Psychohistory was also the name of a fictional science in Isaac Asimov's Foundation Trilogy universe, which combined history, psychology and mathematical statistics to create a (nearly) exact science of the behavior of very large populations of people, such as the Galactic Empire. Asimov used the analogy of a gas, where whilst the motion of a single molecule is very difficult to predict, the mass behavior of the gas can be predicted to a high level of accuracy. This concept he then applied to the population of the fictional Galactic Empire, which numbered in the quadrillions. The character responsible for the science's creation, Hari Seldon, established two postulates: that the population whose behaviour was modeled should be sufficiently large and that they should remain in ignorance of the results of the application of psychohistorical analyses.

In some ways (although Asimov came up with the concept before the behavioral revolution in political science, beginning with Voting and The American Voter), “psychohistory” sounds a lot like the work of the quantitative parts of the discipline, particularly in the fields of mass political behavior and international relations, albeit much evolved and with a predictive rather than an explanatory emphasis (we can reasonably predict short-term political phenomena, within limits, but there's nothing in the contemporary political science toolbox that would be able to predict how long the United States will persist, for example).

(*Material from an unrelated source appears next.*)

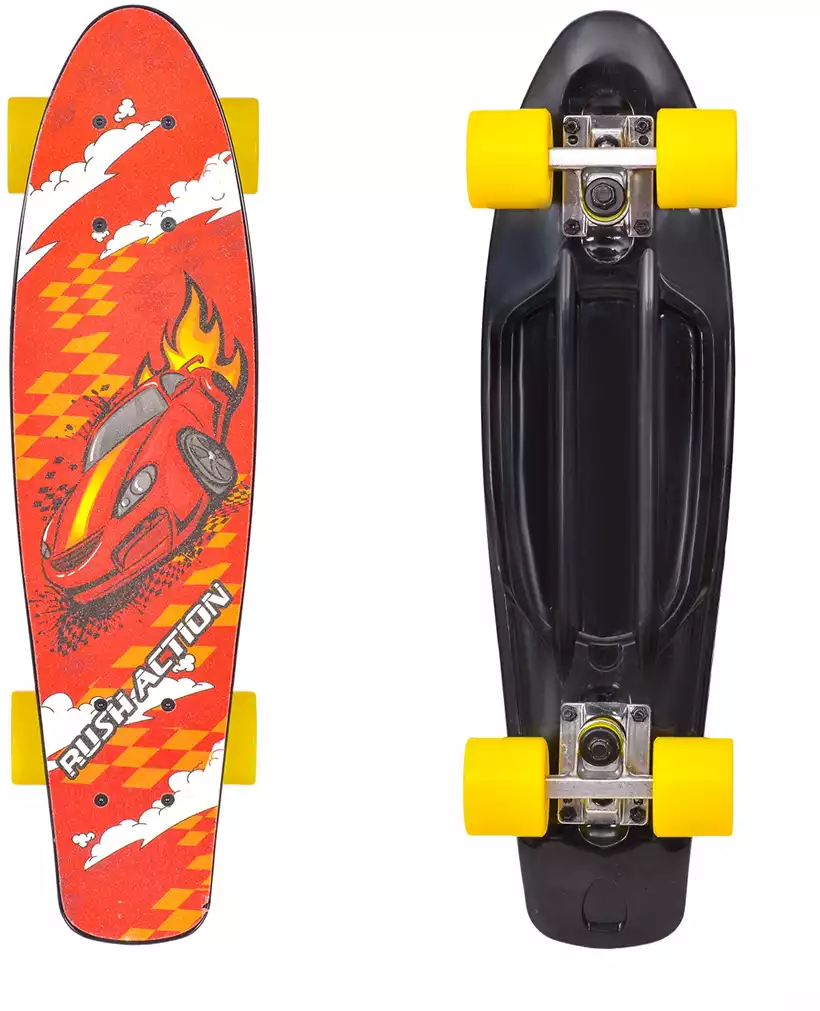 Скейтборд 56*15 см RUSH ACTION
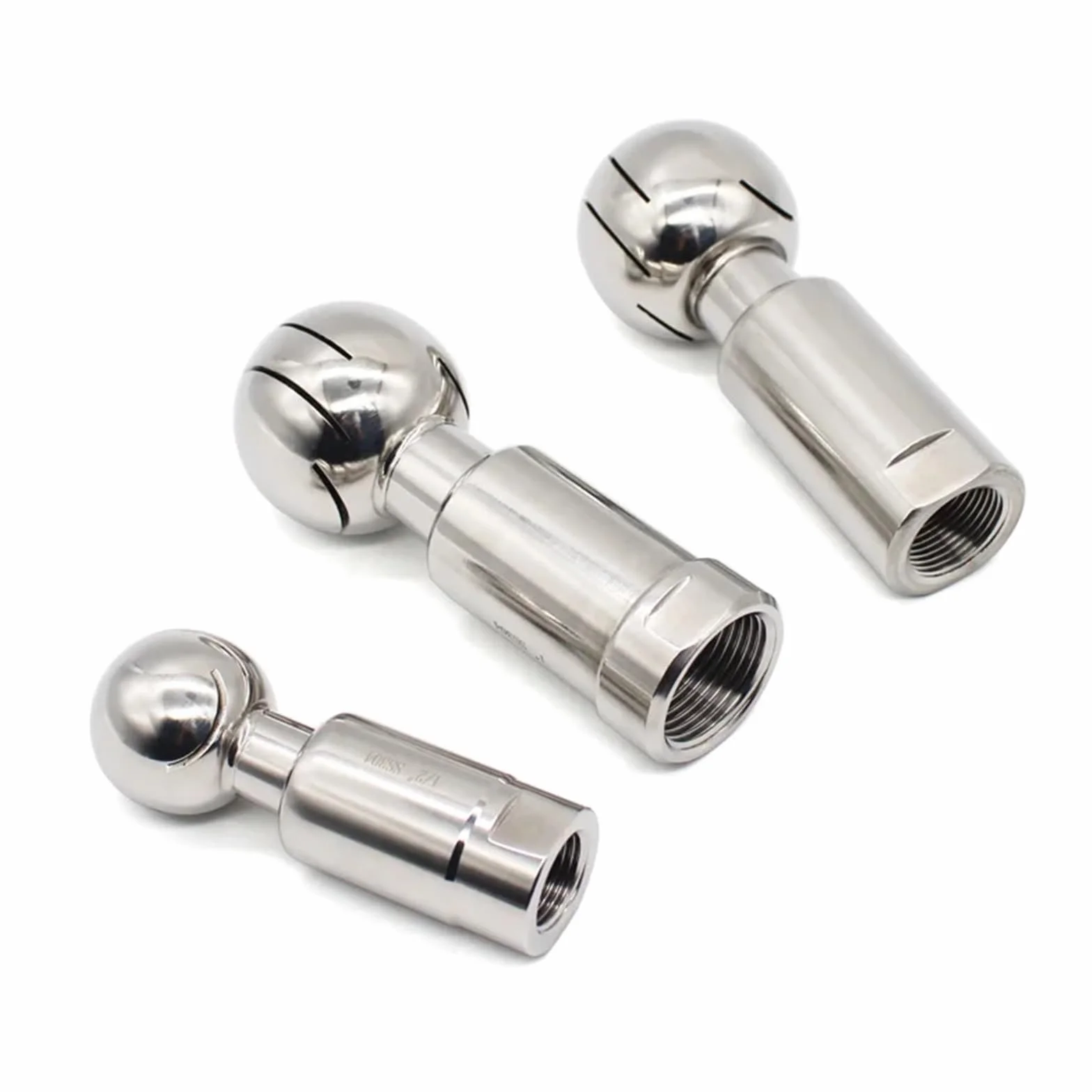 Obrotowa kula czyszcząca ze stali nierdzewnej, Głowica kulowa natrysku obrotowego ze stali nierdzewnej z gwintem wewnętrznym 304/316L 1/2"-1" Homebrew(Ss304,1/2")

So it's fun to think about some of the parallels, although I'm not convinced it would be a good thing for the universe to have Jacob T. Levy, Daniel Drezner and myself operating in secret to keep our galactic plan on track. (Plus it would be a bit too close to the whole “Trilateral Commission” nonsense promulgated by the fringe.)

Of course, there's always the case to be made that psychohistory was just a Grade-A McGuffin... even within Asimov's universe!